- The Philippines under the Duterte administration is the 10th fastest growing economy in the world in 2017.
- The Philippine economy is set to advance between 6.5 percent to 7.5 percent this year.
MANILA, Philippines-Even before President Rodrigo marked his first year as the President of the Philippines, the country has been named as the world’s 10th fastest growing economy in the world in 2017.
Based on a report by Forbes.com, the Philippine economy is set to advance between 6.5 percent to 7.5 percent this year, a figure which is double the country’s long-term growth.
World Bank’s latest edition of Global Economic Prospects revealed that the country’s GDP averaged 3.68 percent from 1982 until 2017. It reached an all time high of 12.4 percent during the fourth quarter of 1988 and record low -11.10 percent during the first quarter of 1985.
According to Forbes.com, the country has profited from “a stable macroeconomic environment of low inflation and low debt to GDP ratio” as well as from the “revival of the Asian Pacific region”. As a result, the country has sustained a healthy domestic demand growth and experienced boosted exports which has risen from 12.1 percent from 2016.
Although Duterte’s severe domestic and international polices don’t seem to affect the country’s economic growth yet, Forbes.com pointed out that the Philippines is still “corrupt and less competitive”, based on the Transparency International and the Global Competitiveness reports.

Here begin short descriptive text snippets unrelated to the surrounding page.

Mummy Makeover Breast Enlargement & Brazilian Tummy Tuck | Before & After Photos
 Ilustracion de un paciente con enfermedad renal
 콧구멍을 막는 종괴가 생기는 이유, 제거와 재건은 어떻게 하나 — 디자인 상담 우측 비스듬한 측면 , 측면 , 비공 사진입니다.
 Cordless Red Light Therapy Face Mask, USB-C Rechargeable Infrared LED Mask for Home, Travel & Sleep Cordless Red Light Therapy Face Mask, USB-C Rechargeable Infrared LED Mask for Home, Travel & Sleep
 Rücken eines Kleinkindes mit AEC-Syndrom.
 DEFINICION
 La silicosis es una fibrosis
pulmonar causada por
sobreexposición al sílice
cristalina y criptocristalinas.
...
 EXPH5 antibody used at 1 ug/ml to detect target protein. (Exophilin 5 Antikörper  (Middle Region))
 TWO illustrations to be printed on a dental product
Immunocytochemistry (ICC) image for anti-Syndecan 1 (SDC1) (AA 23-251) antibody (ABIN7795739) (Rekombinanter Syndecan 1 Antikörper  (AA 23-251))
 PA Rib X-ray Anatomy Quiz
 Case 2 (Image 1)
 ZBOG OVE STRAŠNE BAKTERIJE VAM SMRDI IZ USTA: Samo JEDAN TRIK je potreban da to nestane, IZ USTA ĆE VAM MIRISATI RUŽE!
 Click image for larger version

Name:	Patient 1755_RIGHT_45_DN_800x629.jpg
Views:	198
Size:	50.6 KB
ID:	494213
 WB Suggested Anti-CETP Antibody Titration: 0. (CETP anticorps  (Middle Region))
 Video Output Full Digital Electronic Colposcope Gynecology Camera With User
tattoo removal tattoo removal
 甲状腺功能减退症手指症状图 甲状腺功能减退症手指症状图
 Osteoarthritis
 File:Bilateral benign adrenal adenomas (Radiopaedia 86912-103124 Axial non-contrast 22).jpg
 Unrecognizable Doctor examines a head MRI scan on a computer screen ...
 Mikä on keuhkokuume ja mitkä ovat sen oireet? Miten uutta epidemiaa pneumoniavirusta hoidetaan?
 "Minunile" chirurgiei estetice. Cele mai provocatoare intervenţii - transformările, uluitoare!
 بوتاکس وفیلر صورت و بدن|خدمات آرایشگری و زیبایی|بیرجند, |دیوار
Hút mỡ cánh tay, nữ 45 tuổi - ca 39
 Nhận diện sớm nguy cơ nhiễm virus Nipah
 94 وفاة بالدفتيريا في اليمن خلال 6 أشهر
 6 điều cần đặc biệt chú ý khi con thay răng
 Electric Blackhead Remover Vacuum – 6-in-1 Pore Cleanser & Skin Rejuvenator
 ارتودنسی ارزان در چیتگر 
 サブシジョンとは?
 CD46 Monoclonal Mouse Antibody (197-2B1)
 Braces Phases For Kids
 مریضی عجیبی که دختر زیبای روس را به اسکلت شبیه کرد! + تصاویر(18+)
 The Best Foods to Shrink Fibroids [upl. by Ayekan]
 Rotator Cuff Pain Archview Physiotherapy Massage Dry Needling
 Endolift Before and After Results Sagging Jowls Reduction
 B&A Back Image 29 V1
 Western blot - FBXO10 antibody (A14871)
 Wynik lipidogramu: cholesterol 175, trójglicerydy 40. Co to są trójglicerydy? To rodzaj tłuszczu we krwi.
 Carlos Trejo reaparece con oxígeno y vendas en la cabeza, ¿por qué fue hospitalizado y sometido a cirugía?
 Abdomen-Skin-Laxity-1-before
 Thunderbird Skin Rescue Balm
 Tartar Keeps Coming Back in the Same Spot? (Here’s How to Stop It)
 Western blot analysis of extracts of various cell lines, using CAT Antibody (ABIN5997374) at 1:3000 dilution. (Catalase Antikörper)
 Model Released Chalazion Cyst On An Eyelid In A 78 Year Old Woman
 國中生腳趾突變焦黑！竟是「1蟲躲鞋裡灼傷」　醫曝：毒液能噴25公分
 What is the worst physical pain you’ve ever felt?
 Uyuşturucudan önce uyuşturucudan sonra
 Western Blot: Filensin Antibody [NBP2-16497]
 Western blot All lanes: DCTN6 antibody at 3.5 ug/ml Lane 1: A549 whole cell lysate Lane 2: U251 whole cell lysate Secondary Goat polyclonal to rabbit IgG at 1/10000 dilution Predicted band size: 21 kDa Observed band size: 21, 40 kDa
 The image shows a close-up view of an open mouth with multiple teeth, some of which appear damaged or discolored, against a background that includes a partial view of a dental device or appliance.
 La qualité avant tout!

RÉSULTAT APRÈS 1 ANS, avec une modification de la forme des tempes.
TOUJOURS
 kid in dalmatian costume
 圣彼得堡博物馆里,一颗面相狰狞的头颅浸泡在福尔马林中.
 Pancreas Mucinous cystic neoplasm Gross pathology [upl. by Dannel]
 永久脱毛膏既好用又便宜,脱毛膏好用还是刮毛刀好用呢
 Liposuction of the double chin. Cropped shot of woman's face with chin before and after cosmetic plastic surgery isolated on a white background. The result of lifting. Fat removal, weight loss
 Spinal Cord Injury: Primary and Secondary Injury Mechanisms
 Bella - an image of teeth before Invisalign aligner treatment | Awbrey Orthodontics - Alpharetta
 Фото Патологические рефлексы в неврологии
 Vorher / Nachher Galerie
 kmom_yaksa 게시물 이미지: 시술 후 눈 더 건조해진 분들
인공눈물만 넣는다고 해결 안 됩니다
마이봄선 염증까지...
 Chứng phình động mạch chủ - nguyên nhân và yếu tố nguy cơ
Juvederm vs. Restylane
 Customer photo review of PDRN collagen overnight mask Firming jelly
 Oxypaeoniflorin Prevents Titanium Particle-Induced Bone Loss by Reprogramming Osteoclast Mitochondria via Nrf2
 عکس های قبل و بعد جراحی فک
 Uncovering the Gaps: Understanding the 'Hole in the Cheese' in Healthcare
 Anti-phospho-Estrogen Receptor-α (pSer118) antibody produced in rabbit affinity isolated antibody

“Those who have followed the Philippines economy for a long time have seen a familiar show: hard working Filipinos remain poor, watching the people of other nations in the region get rich. Revolutions come and go in Philippines, but the old villains — corruption and political oppression — remain intact, holding Filipinos back from making the transition from poverty to riches,” Forbes.com wrote.